Master Data Attribute Recommendation using SAP AI Core and T5 Transformers
Background
Master data maintenance is a time-consuming activity for many businesses. Companies like retailers selling large amounts of different articles or manufacturing companies processing raw materials into finished goods can easily collect databases containing hundreds of thousands of master data items, which in turn may possess many hundreds of attributes. You will usually encounter several individuals in such organizations responsible for the maintenance and correctness of those data sets.
Errors in the master data system will usually reveal themselves in business intelligence applications aggregating large volumes of transactions into master data attributes, which may lead to significant reporting errors when these are poorly maintained.
To alleviate the process of correctly creating master data items in systems like S4/HANA I will demonstrate an AI model which proposes various master data attributes based on the entered product description.
Model
This work has been inspired by the paper Attribute Value Generation from Product Title using Language Models by Roy, Goyal and Pandey1. In their work they demonstrated good performance using the T5 Transformer language model, which stands for Text-To-Text Transfer Transformer and has initially been proposed by a team from Google Research.
Transformer models are a specific architectural type of neural networks meant for language processing and text generation. In this case we will train a T5 model to convert an input string like the following into a recommended attribute:
recommend brand name: Original New Arrival 2018 Adidas GK UP Men’s T-shirts short sleeve Sportswear
This asks the T5 model to extract the brand name (Adidas) from the descriptive product string. For this demo I will train a model which is able to recommend a product’s brand and material (e.g. cotton, steel, carbon, etc.). The transformer will (hence the name) transform the large product description string into a mostly single-word description, indicating for instance it’s brand. The dataset used for these examples is a product dataset from Alibaba to which you can find a link in the paper.

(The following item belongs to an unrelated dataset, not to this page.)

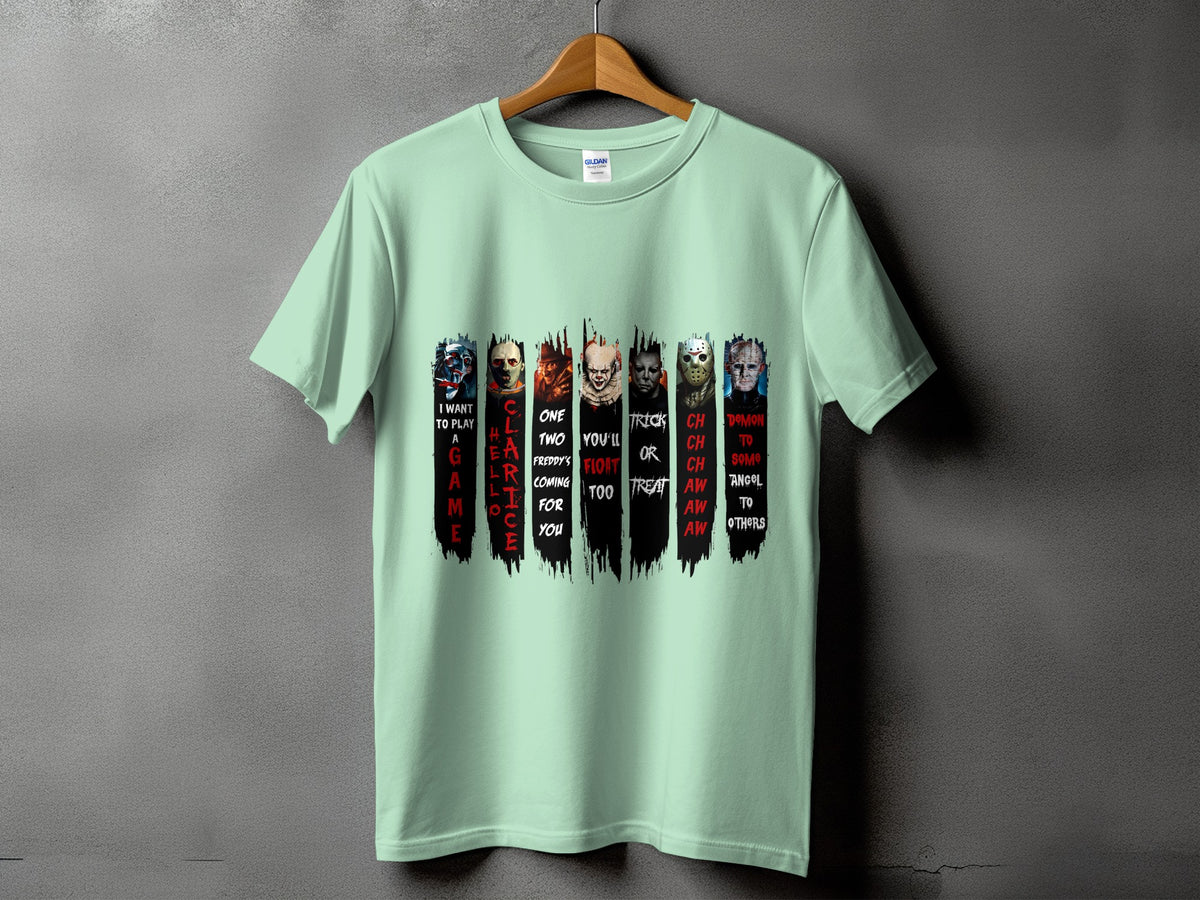 Pale green t-shirt with horror villains and text "I Want to Play a Game".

The T5 model is just one of the many available transformer neural network architectures available today. For training the T5 model I will use Python together with the Huggingface Transformers library which is built on top of PyTorch, a library facilitating deep learning development. Huggingface allows for easily setting up the required neural network architecture and also contains a large library of pre-trained neural networks. There are 5 pre-trained T5 networks available, ranging from 60 million (t5.small) to 11 billion parameters. The larger networks may perform better on larger bodies of texts but obviously take more compute resources to retrain on your specific problem and are also larger to download. For this example I will be using the t5.small which already gave acceptable performance on the relatively small string contained in the dataset.
System architecture
I decided to try and deploy the model to SAP AI Core to which I had temporary access. The architecture of this solution is fairly complicated and requires a fair amount of prior understanding of what needs to be set up. It will get easier once you get over the initial learning curve.
You should regard SAP AI Core as a GPU-enabled Docker backend to which you can push your container image and have it run there. As it is based on Docker you have full flexibility over what programming language and libraries you will be using. As I will be using the Transformers library together with PyTorch I selected one of the official pre-built PyTorch Docker images from the PyTorch team, available at https://hub.docker.com/r/pytorch/pytorch/tags.

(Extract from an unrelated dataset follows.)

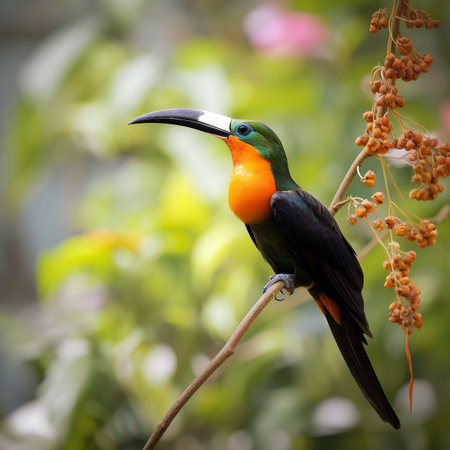 Toucan perched on a branch with flowers in the background.の素材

To get a picture of the overall architecture of SAP AI Core please refer to the following blog post: https://blogs.sap.com/2022/06/13/introduction-of-the-end-to-end-ml-ops-with-sap-ai-core/
This will give you an overview of the high-level components involved and the workflow required to set up model training and a serving workflow in SAP AI Core. I will give my own take on the activities you need to perform in the next section.
Development and deployment workflow
As is the case with any machine learning task the project consists of a train and inference (or apply) phase.
The workflow for setting up a training session using SAP AI Core is as follows:
- Create an AWS S3 bucket and upload your training data
- Create a second S3 bucket where the model resulting from your training session is stored
- Create a Docker image containing your training program. This needs to bundle all required dependencies and should be GPU-enabled. For this project I selected pytorch/pytorch:1.11.0-cuda11.3-cudnn8-runtime which bundles PyTorch 1.11 together with the CUDA libraries required for GPU training.
- Push the Docker image to Docker Hub
- Create a GitHub repository where you will upload the training workflow files
- Create a training workflow file. SAP AI Core’s workflow engine is based on Argo Workflows which combines all the above ingredients: it downloads the Docker image from Docker Hub and downloads the S3 contents to make it available to the training program. After training it moves the resulting model to the destination bucket.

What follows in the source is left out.